WORK TO BE COMPLETED ::
From the material below, return exactly the lines starting at the one that holds "50Pcs Transparent Ice" and ending at the one that holds "CharlotteFliar's tweet photo.". Pictures stay out of the answer.

INFORMATION SUPPLIED ::
■ ■ ■ ■ ■ ■ ■
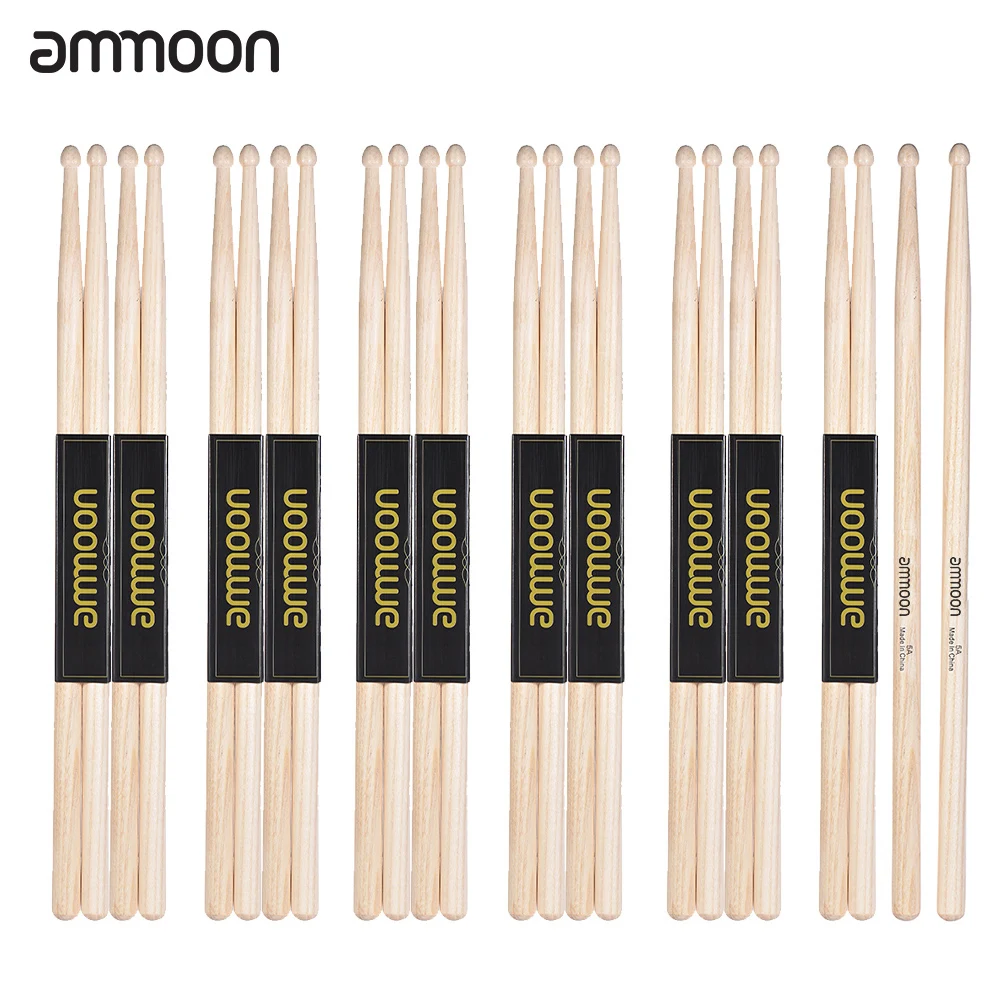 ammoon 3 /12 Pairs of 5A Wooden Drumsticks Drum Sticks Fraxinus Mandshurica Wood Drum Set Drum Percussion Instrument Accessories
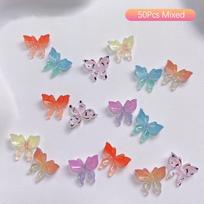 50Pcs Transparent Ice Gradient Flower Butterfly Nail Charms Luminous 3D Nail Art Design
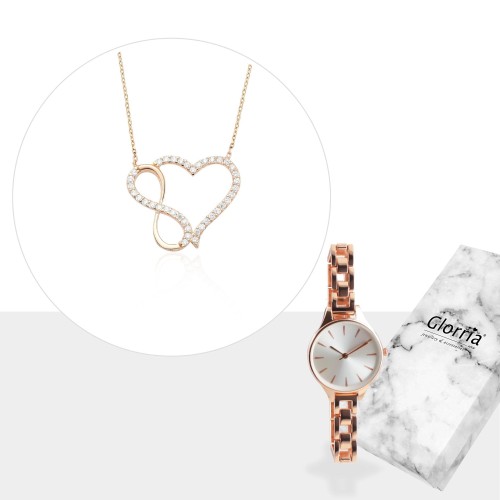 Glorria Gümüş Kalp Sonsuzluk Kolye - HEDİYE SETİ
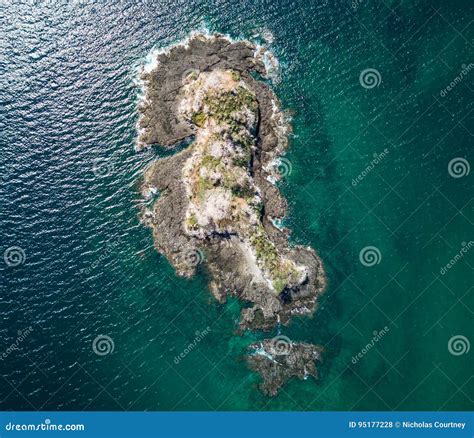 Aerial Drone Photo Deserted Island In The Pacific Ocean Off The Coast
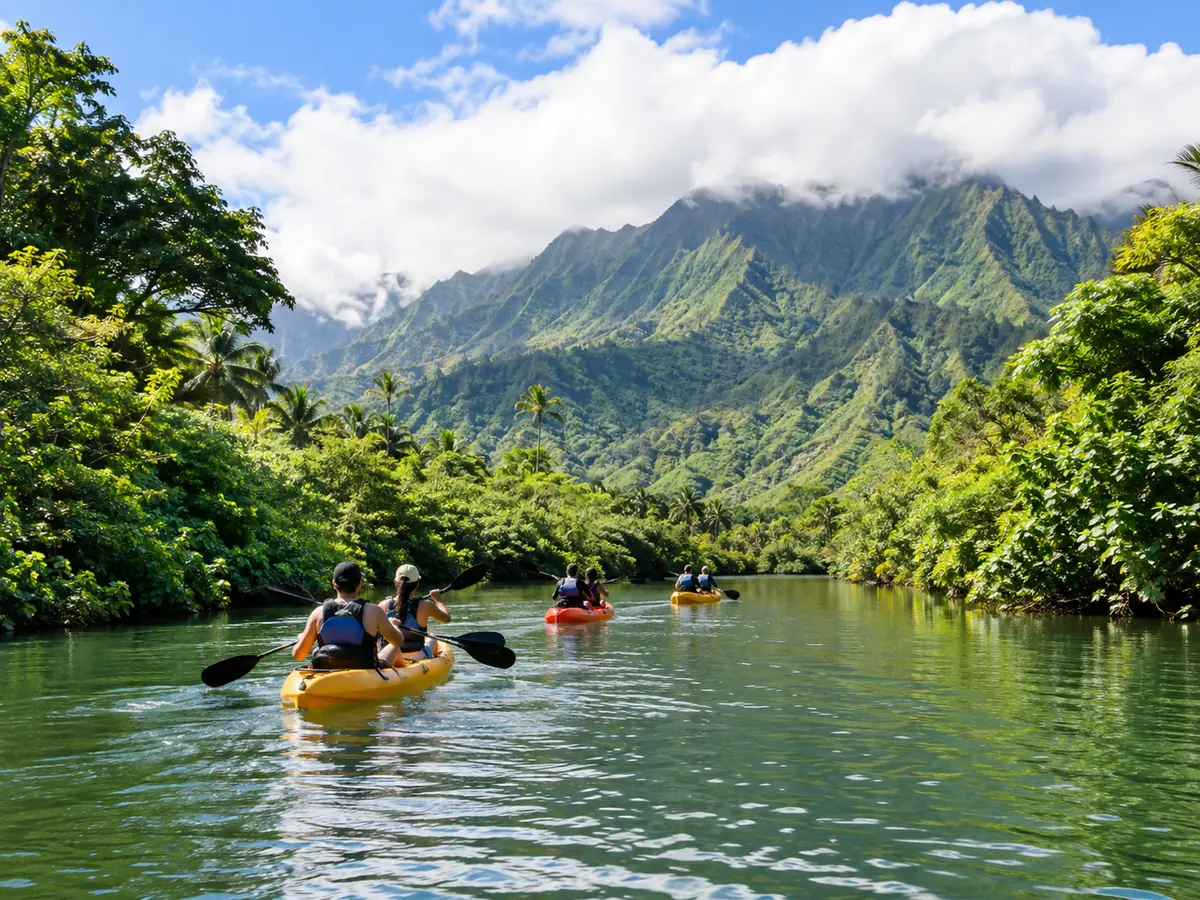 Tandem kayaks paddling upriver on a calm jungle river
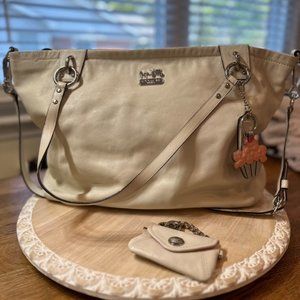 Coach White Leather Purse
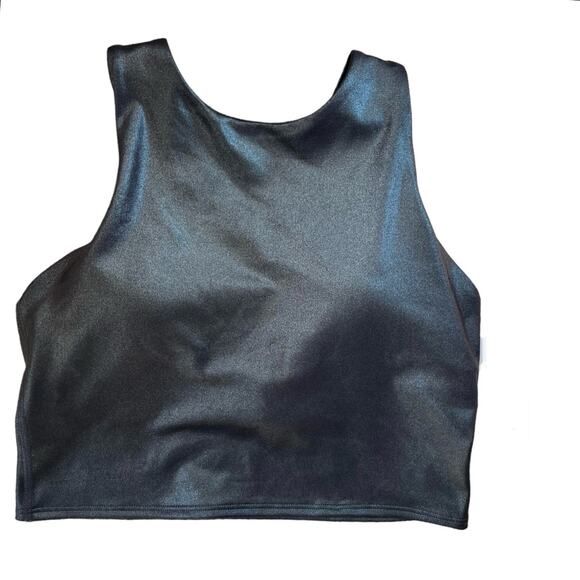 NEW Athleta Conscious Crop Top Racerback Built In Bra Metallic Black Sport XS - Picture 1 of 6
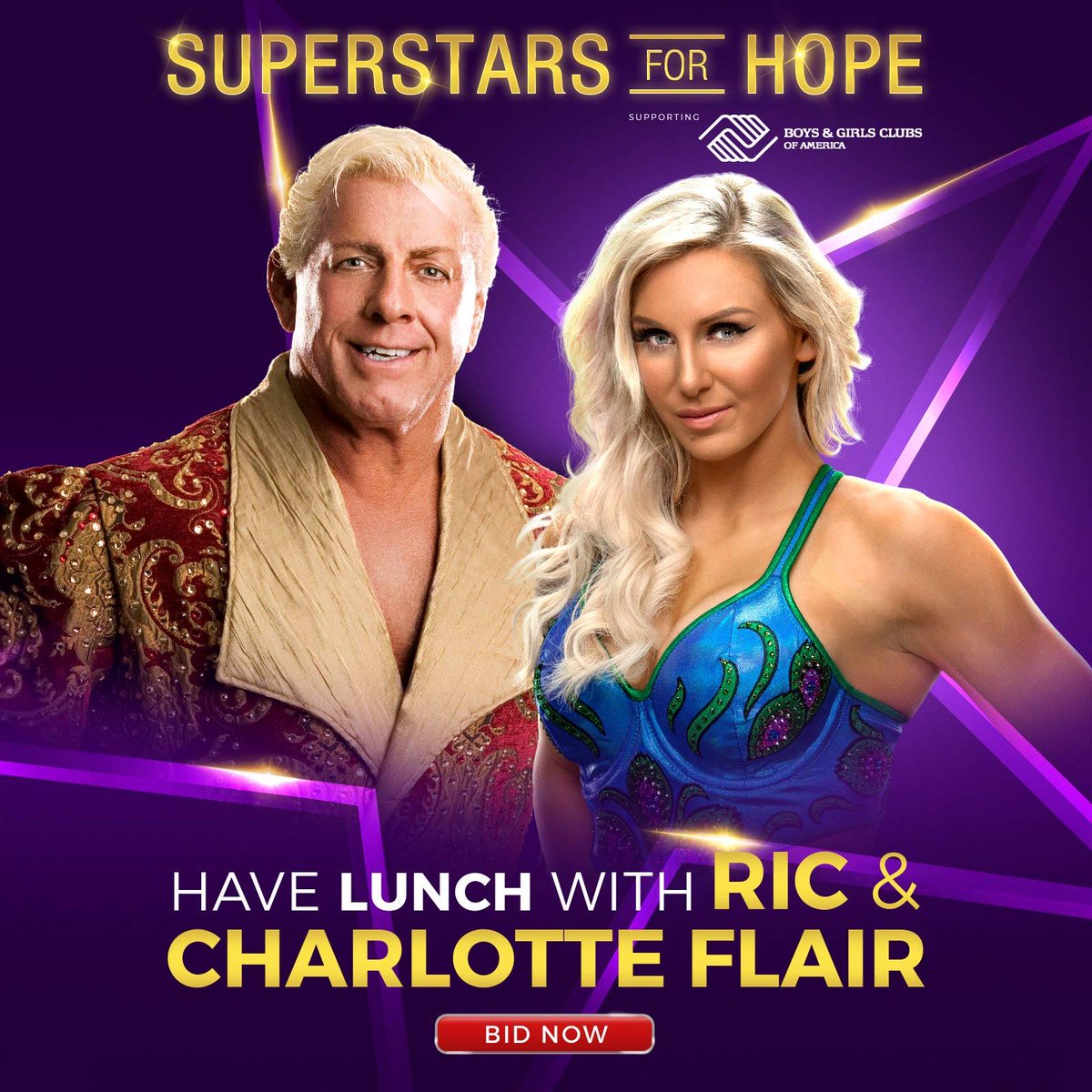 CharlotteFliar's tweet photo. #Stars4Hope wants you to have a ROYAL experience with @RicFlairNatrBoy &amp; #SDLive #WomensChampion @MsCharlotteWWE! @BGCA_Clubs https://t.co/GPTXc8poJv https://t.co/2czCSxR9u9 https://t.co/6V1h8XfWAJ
■ ■ ■ ■ ■ ■ ■
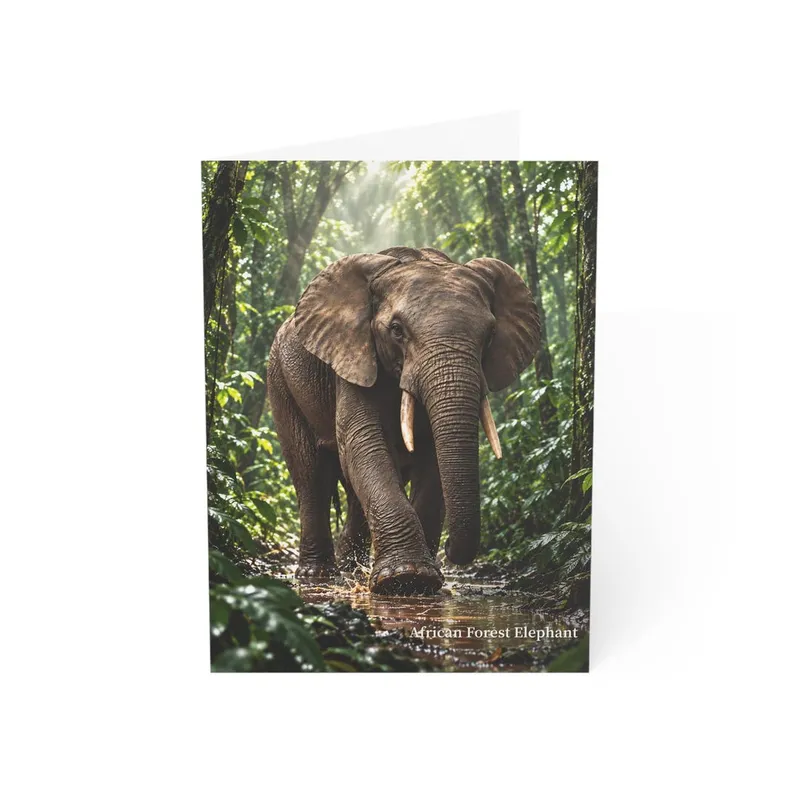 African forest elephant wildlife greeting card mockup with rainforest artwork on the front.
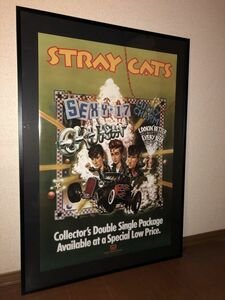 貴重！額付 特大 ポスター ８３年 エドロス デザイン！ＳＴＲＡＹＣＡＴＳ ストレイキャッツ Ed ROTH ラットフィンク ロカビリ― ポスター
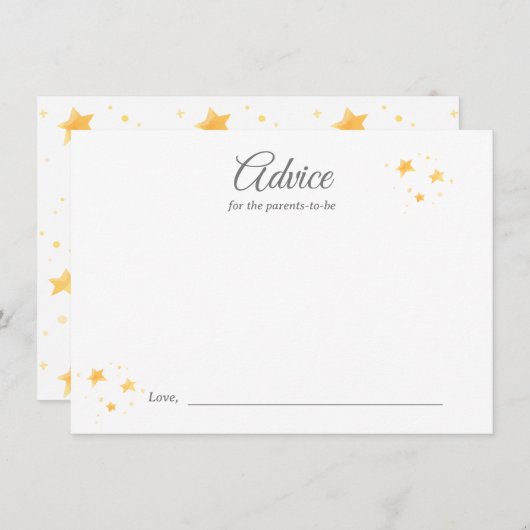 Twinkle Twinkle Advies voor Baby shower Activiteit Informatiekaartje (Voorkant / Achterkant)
■ ■ ■ ■ ■ ■ ■
ANSWER SECTION ::
 50Pcs Transparent Ice Gradient Flower Butterfly Nail Charms Luminous 3D Nail Art Design
 Glorria Gümüş Kalp Sonsuzluk Kolye - HEDİYE SETİ
 Aerial Drone Photo Deserted Island In The Pacific Ocean Off The Coast
 Tandem kayaks paddling upriver on a calm jungle river
 Coach White Leather Purse
 NEW Athleta Conscious Crop Top Racerback Built In Bra Metallic Black Sport XS - Picture 1 of 6
 CharlotteFliar's tweet photo. #Stars4Hope wants you to have a ROYAL experience with @RicFlairNatrBoy &amp; #SDLive #WomensChampion @MsCharlotteWWE! @BGCA_Clubs https://t.co/GPTXc8poJv https://t.co/2czCSxR9u9 https://t.co/6V1h8XfWAJ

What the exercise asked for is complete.